Neither Iran nor the IAEA have commented on the Iranian proposal or given details about it.

But it evoked memories among Western diplomats of an ultimately doomed plan agreed between the IAEA and Tehran in 2007 to resolve “outstanding issues” that failed to allay international doubts about Iran’s nuclear aspirations.

By putting forward a new such proposal, they suspect, Iran was trying once again to drag talks out while pressing ahead with nuclear work Western powers fear is aimed at acquiring the means and technologies needed to build atomic bombs.

“The Iranians kept trying to push that ‘work plan’ and the agency was not going to go there. They had some very frank engagement,” the senior envoy said.

Iran’s mission to the IAEA was not reachable for comment. Iranian Foreign Minister Ali Akbar Salehi has described the meeting with the IAEA as “very good,” without elaborating.

A second round of talks has been slated for later this month but Western diplomats hold out little hope that the February 21-22 meeting in Tehran will fare much better than the previous round.

One diplomat said the January negotiations ended with a draft “discussion paper” listing the main points the IAEA wants Iran to answer, especially allegations about possible military dimensions to its uranium enrichment program.

The talks coincide with soaring tension in the long-running row, with the United States and European Union adopting sanctions targeting Iran’s oil exports and the Islamic Republic threatening retaliation by closing the main Gulf oil shipping lane.

IRAN UNDER PRESSURE

The outcome of the IAEA’s meetings in Tehran will be scrutinized in Washington, European capitals and Israel for signs of whether Iran’s leadership may finally be prepared to give ground after a decade of pursuing shadowy nuclear development goals, or whether it remains as defiant as ever.

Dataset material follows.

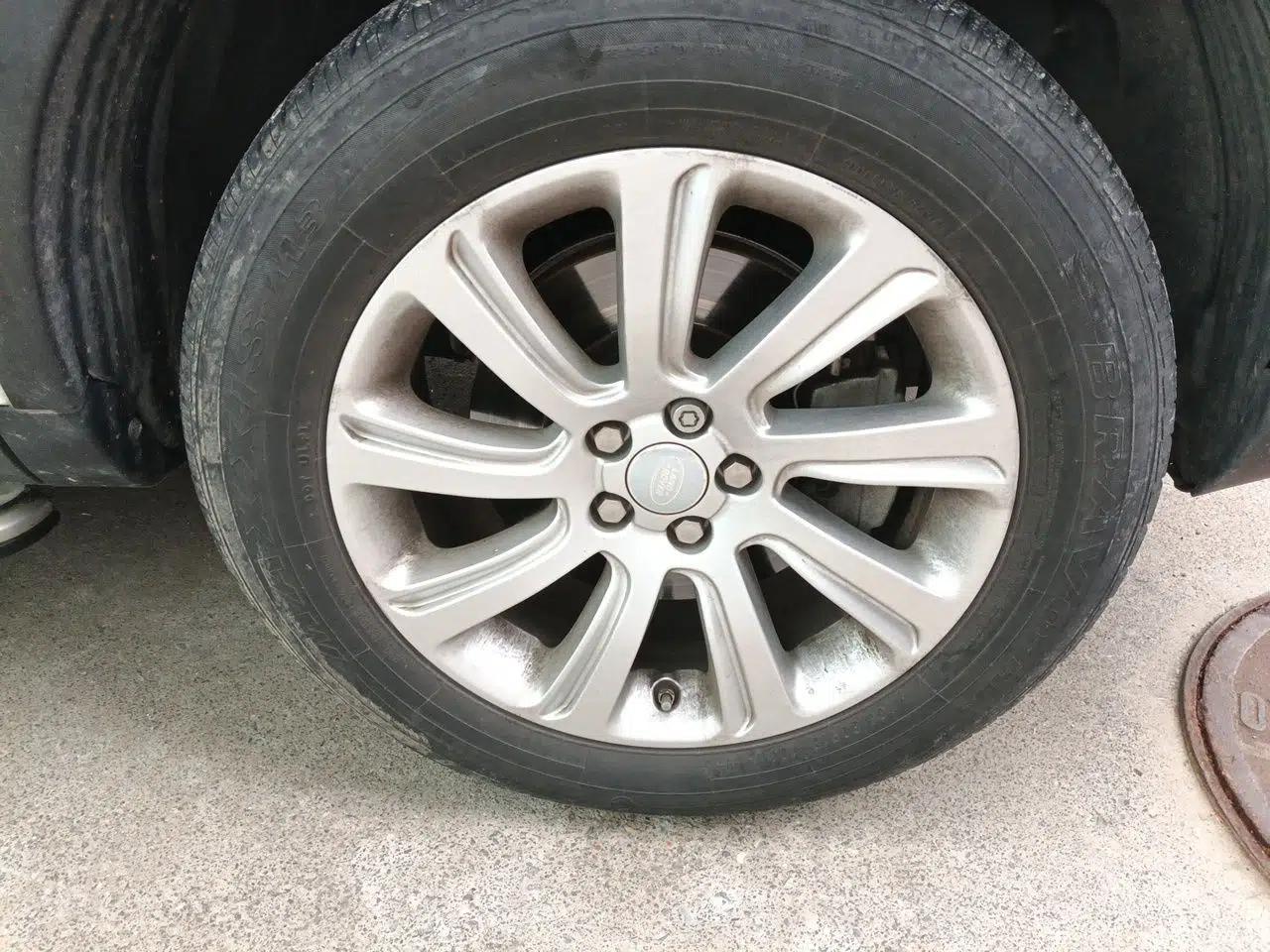 Land Rover Discovery Sport 2017 2.0T SE — миниатюра 8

Many fear a downward spiral towards military conflict and rocketing oil prices if diplomacy and sanctions fail to change the Islamic state’s nuclear course.

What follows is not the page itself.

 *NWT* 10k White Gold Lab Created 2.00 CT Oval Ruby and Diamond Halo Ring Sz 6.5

The Vienna-based IAEA, tasked with preventing the spread of nuclear arms in the world, is pressing Iran to be transparent.

It wants Iran to explain intelligence findings, detailed in an IAEA report in November, about research and development work pointing to nuclear weapons aims, and grant access to sites, documents and people relevant for its investigation.

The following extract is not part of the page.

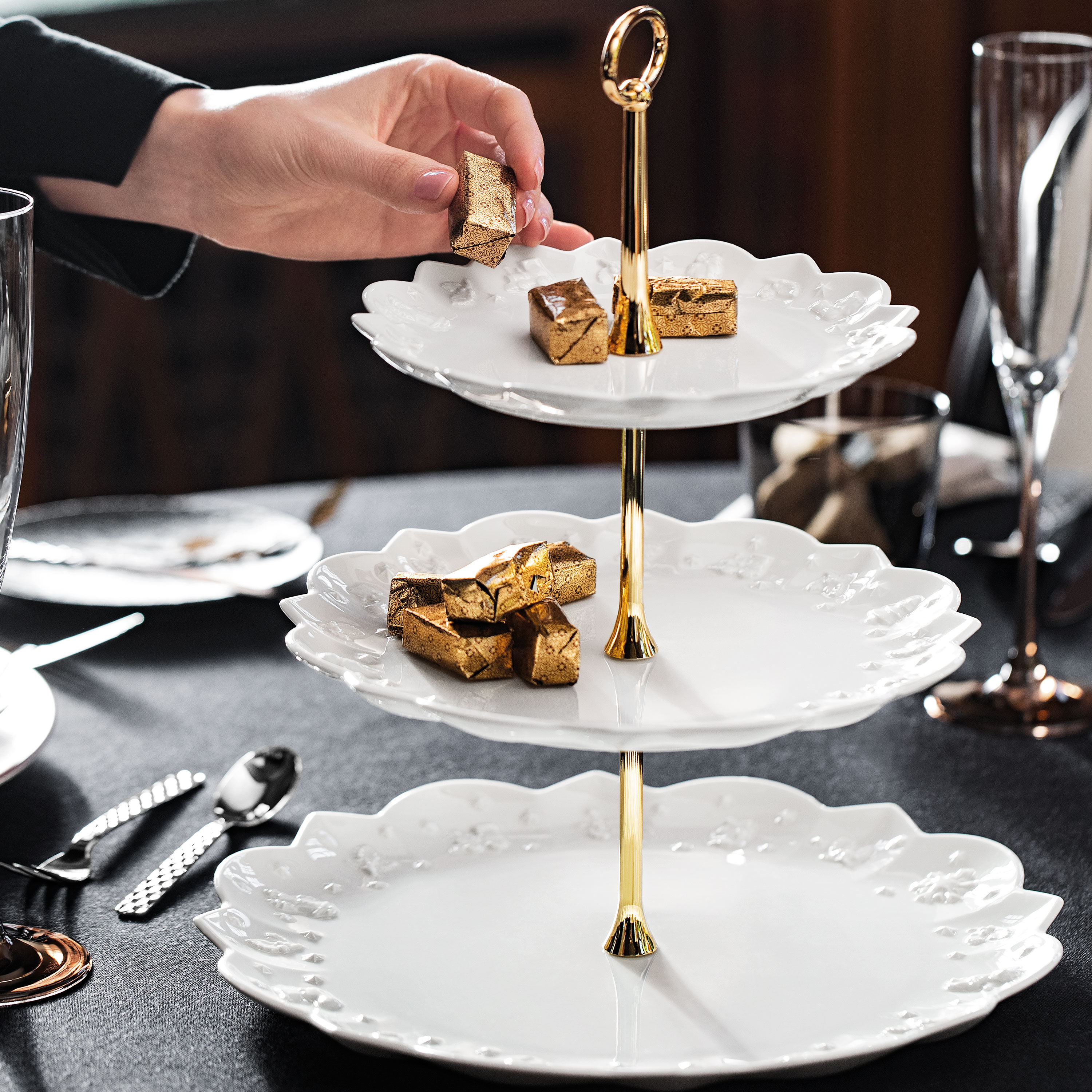 Toy's Delight Royal Classic 3 Tier Stand White, 11.7'', Premium Porcelain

Iran has indicated readiness for the first time to answer the agency’s questions but also repeatedly dismissed the allegations as baseless and forged.

It says its drive to stockpile enriched uranium is entirely peaceful and aimed at generating electricity using a future network of nuclear power plants.

The deadlock over the IAEA’s suspicion that Iran is looking into “weaponizing” its nuclear activity dates back over three years.

Nackaerts and his team specifically asked last week for access to the Parchin military site near Tehran, without receiving a clear answer from the Iranian side, diplomats said.

The secretive U.N. agency would not comment on the visit beyond a formal statement in which Director General Yukiya Amano said: “The agency is committed to intensifying dialogue. It remains essential to make progress on substantive issues.”

The IAEA said it explained to Iran its “concerns and identified its priorities, which focus on the clarification of possible military dimensions.”

“The IAEA also discussed with Iran the topics and initial steps to be taken, as well as associated modalities,” it said.

Western diplomats said the statement made clear that there had been little progress on substance, but also raised pressure on Iran to deliver tangible results in the next meeting.

Tehran is in the “game of gaining time,” one of them said.

But at least it would be clear who was to blame if the talks failed, he added: “It is going to be Iran’s responsibility.”

The IAEA may also hope that the Iranian side next time will send senior officials such as Fereydoun Abbasi-Davani, the head of Iran’s Atomic Energy Organisation, to the talks.

Iran’s ambassador to the IAEA, Ali Asghar Soltanieh, was the main counterpart in the January meeting. While he is a senior nuclear official, the U.N. agency frequently sees him in Vienna.

“There was nothing achieved on this visit and in fact the agency could not get Iran to engage on possible military dimensions questions at all,” the senior Western envoy said.